For the material below, set down exactly the lines between the one containing "session creation ladder" and the last line, both included, leaving every picture out.
START Extracted data
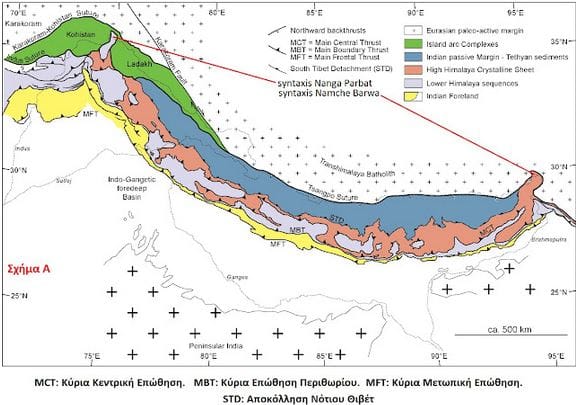 Τεκτονική πλάκα
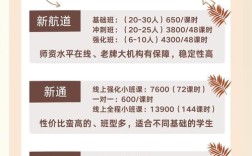 托福口语暑期班哪家好，托福口语培训班推荐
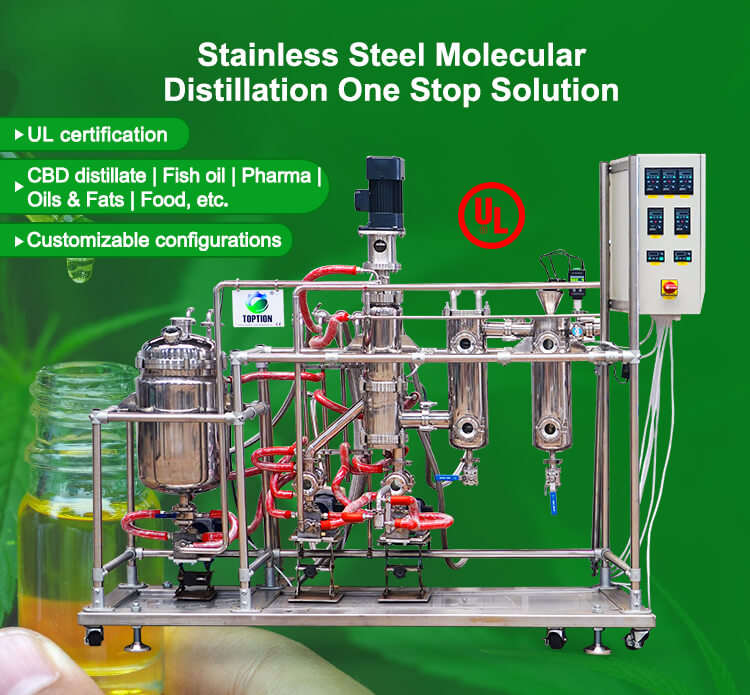 molecular distillation fish oil supplier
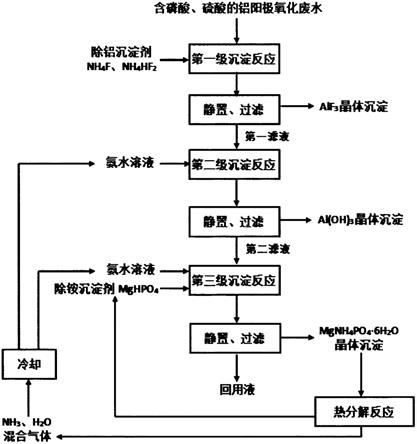 含磷酸、硫酸的铝阳极氧化废水回用处理方法与流程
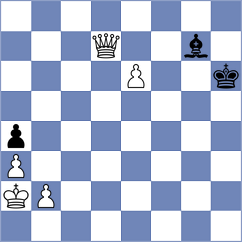 Ermolaev - Peralta (Chess.com INT, 2021)
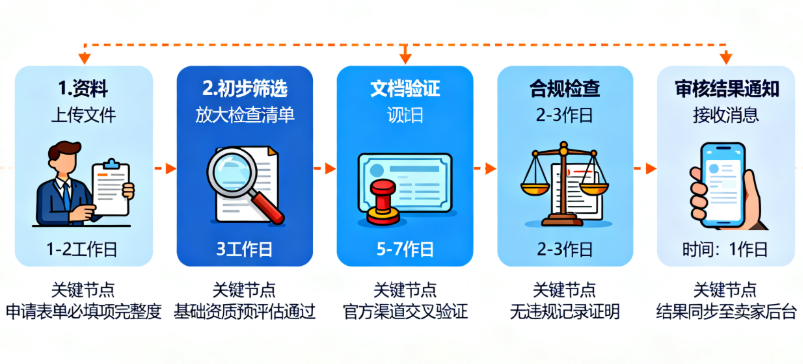 1762309806277862.png image.png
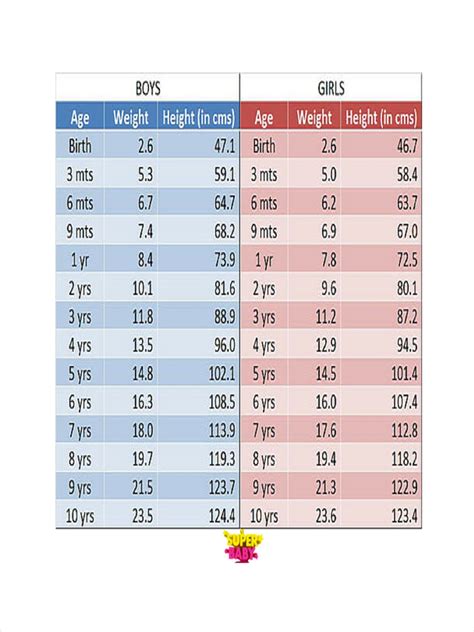 Information about Years and Stature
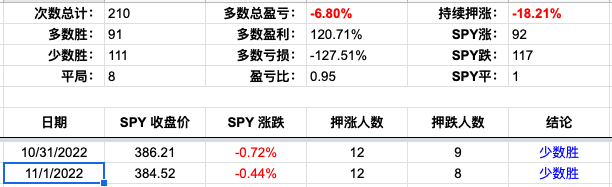 Screen Shot 2022-11-01 at 4.02.31 PM.png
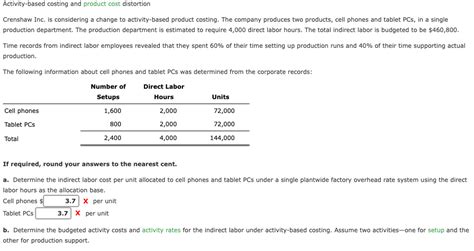 Solved Activity Based Costing And Product Cost Distortion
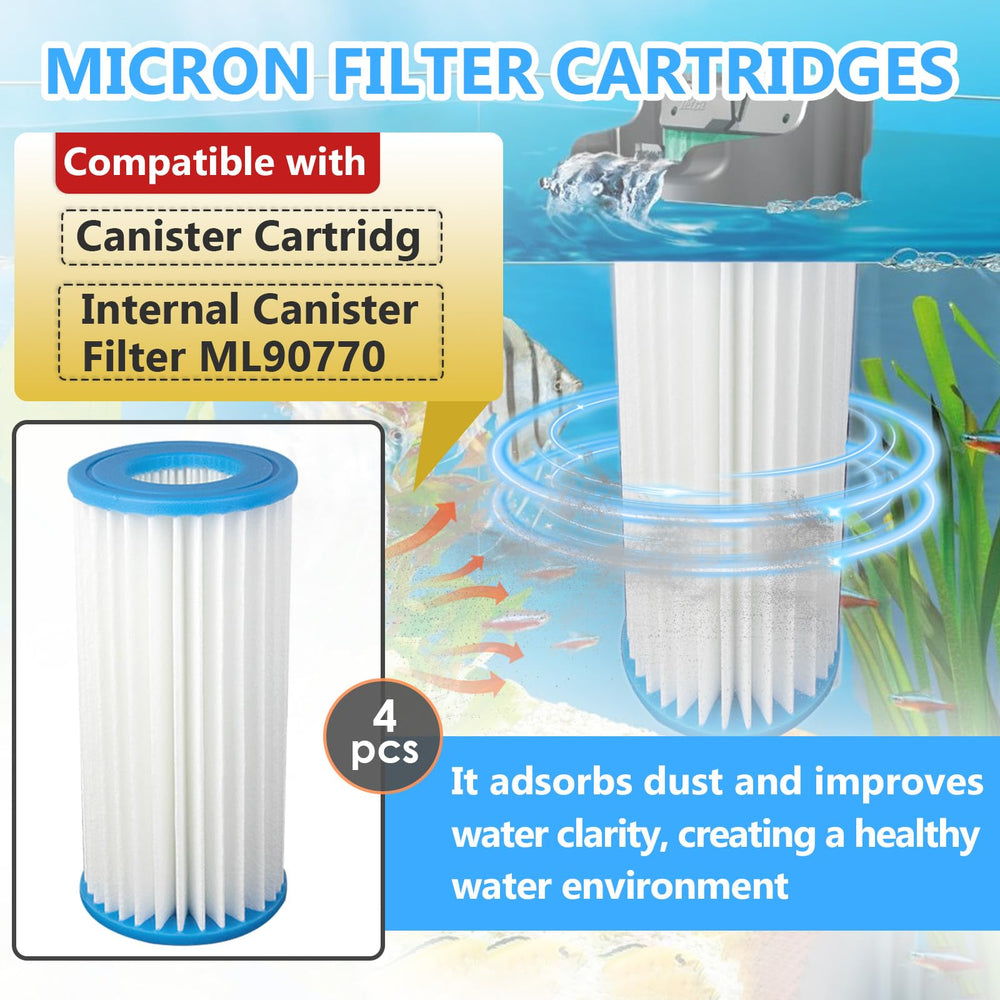 HAVANSIDY micron filter cartridge closeup shows micro-porous fibers trapping fine particles.
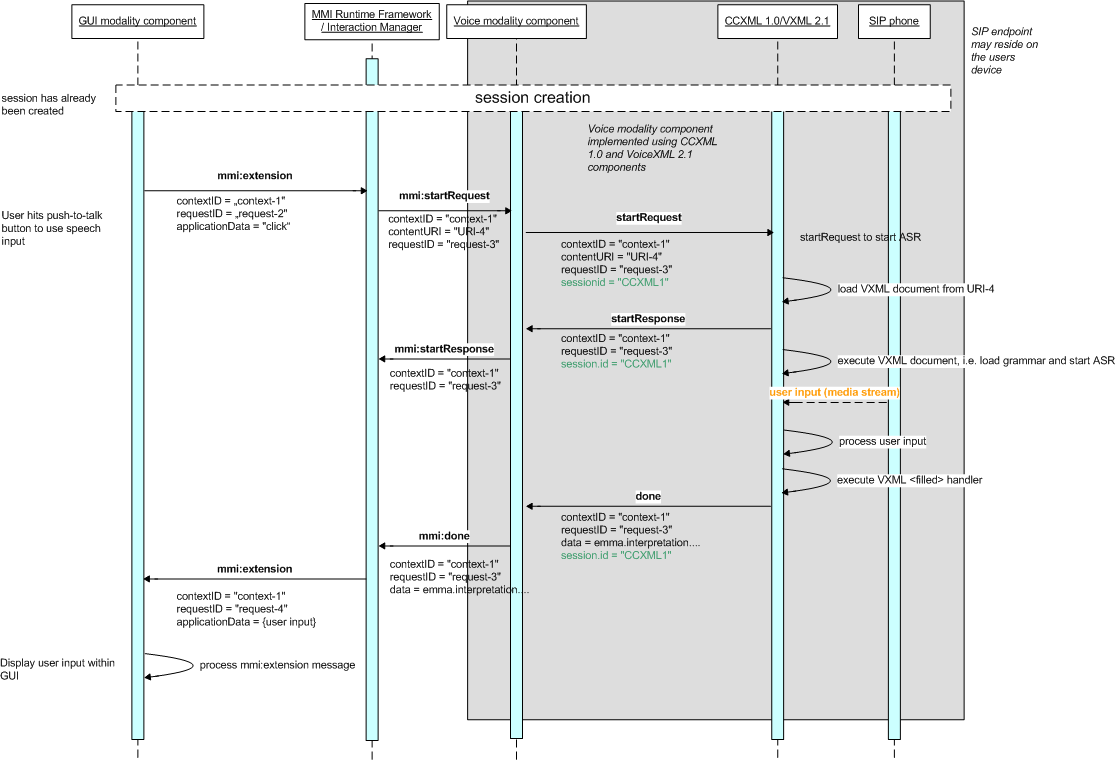 session creation ladder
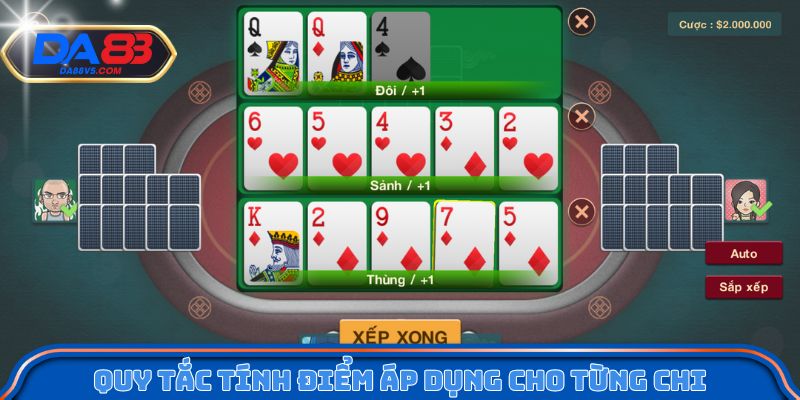 Cách Chơi Bài Mậu Binh Dễ Hiểu, Phù Hợp Mọi Cấp Độ 3 Quy tắc tính điểm áp dụng cho từng chi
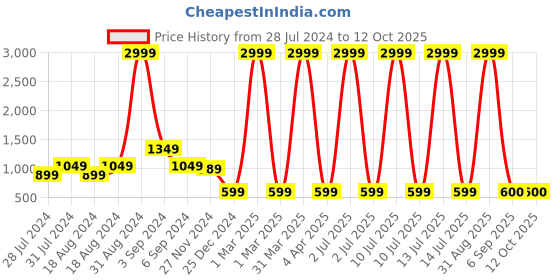 myntra.com CHUTPUT Cream-Coloured Pure Wool A-Line Dress with Poncho chutput Price History Graph from 28 Jul 2024 to 12 Oct 2025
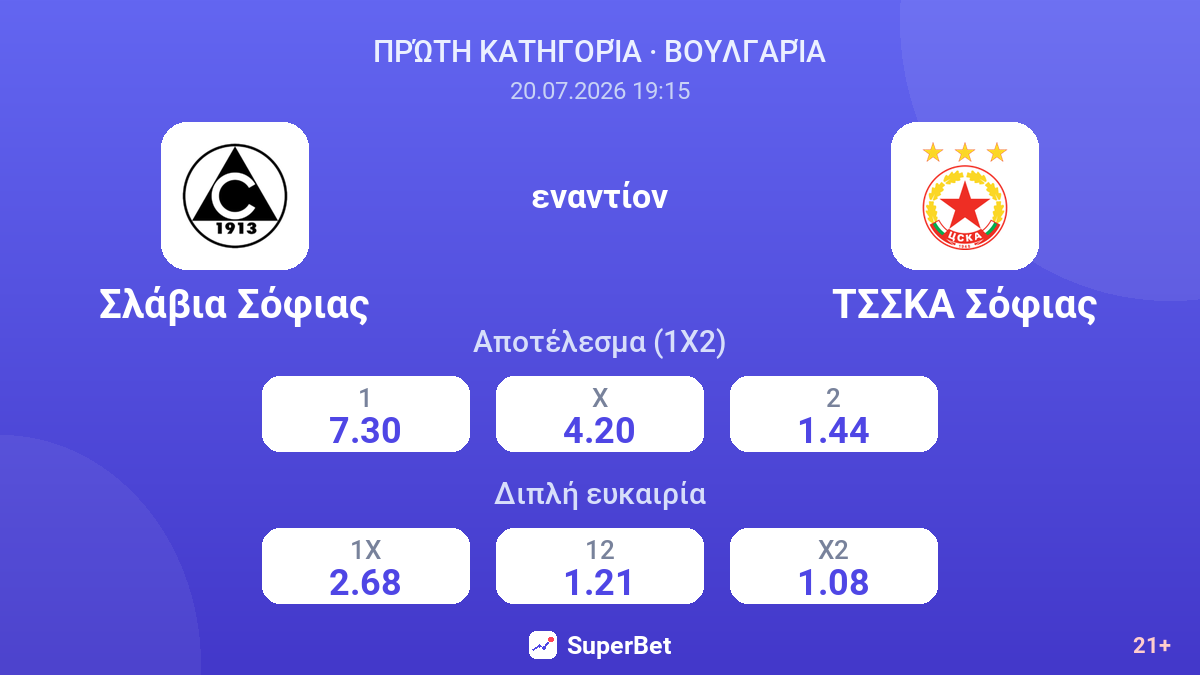 Σλάβια Σόφιας εναντίον ΤΣΣΚΑ Σόφιας — αποδόσεις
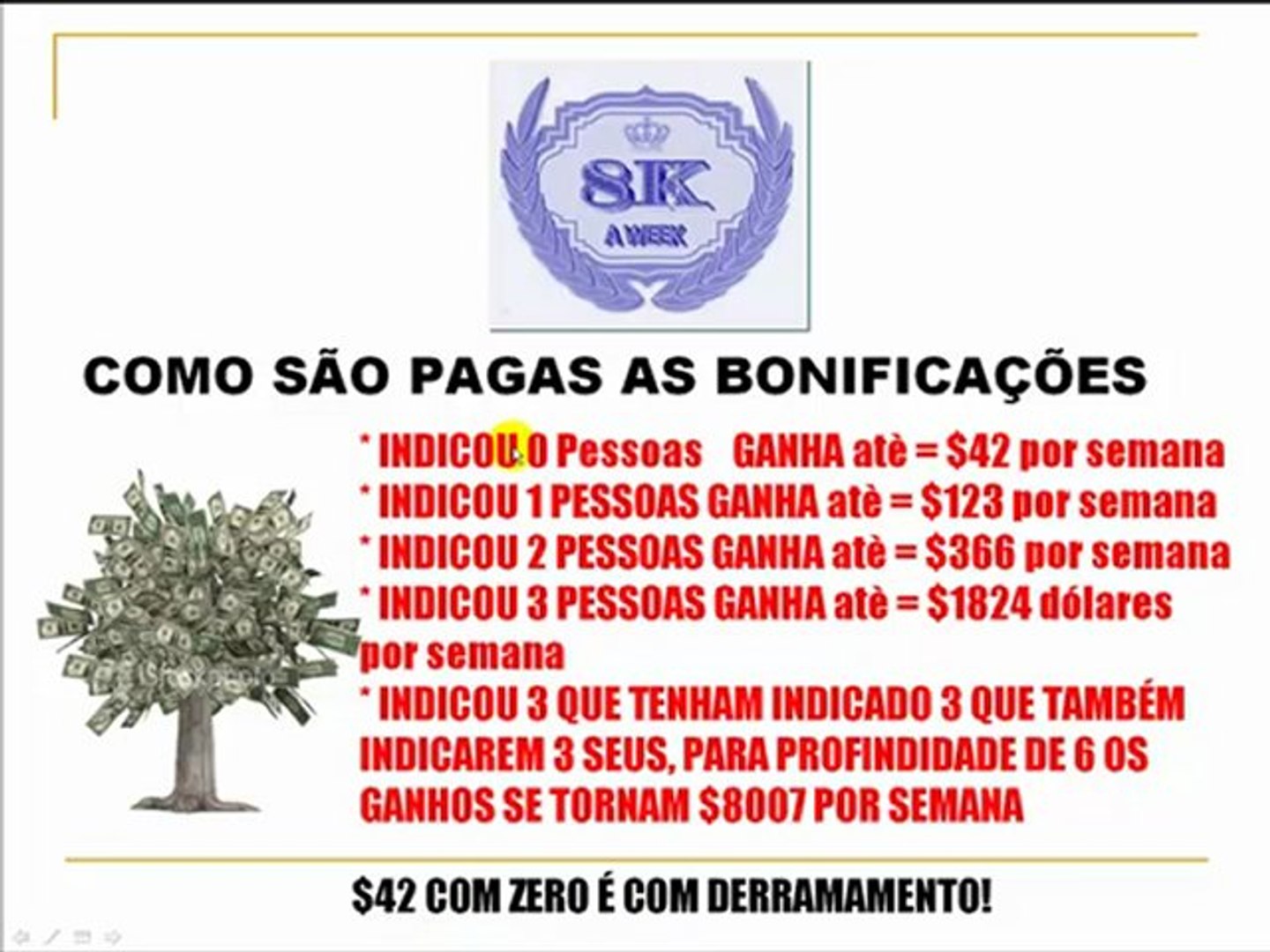 ⁣FAÇA DINHEIRO COM 8K Aweek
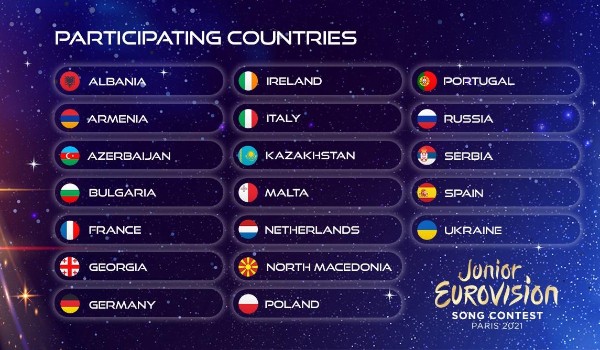 Czy uda Ci się dopasować reprezentantów do krajów: Eurowizja Junior 2021.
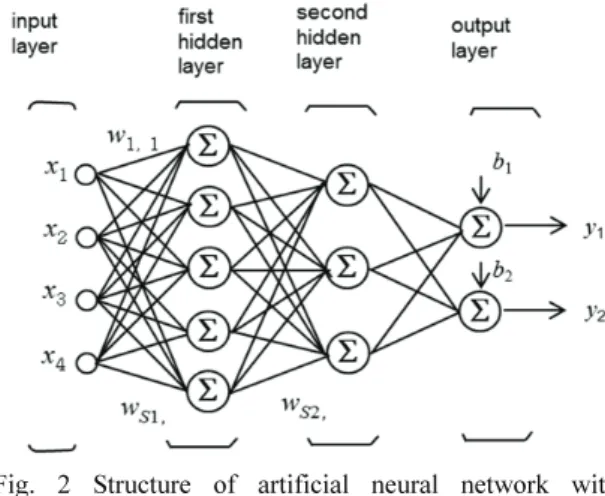 Fig. 1 Structure of artificial neural network with neuron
END Extracted data
◆ Reply
 session creation ladder
 Cách Chơi Bài Mậu Binh Dễ Hiểu, Phù Hợp Mọi Cấp Độ 3 Quy tắc tính điểm áp dụng cho từng chi
 myntra.com CHUTPUT Cream-Coloured Pure Wool A-Line Dress with Poncho chutput Price History Graph from 28 Jul 2024 to 12 Oct 2025
 Σλάβια Σόφιας εναντίον ΤΣΣΚΑ Σόφιας — αποδόσεις
 ⁣FAÇA DINHEIRO COM 8K Aweek
 Czy uda Ci się dopasować reprezentantów do krajów: Eurowizja Junior 2021.
 Fig. 1 Structure of artificial neural network with neuron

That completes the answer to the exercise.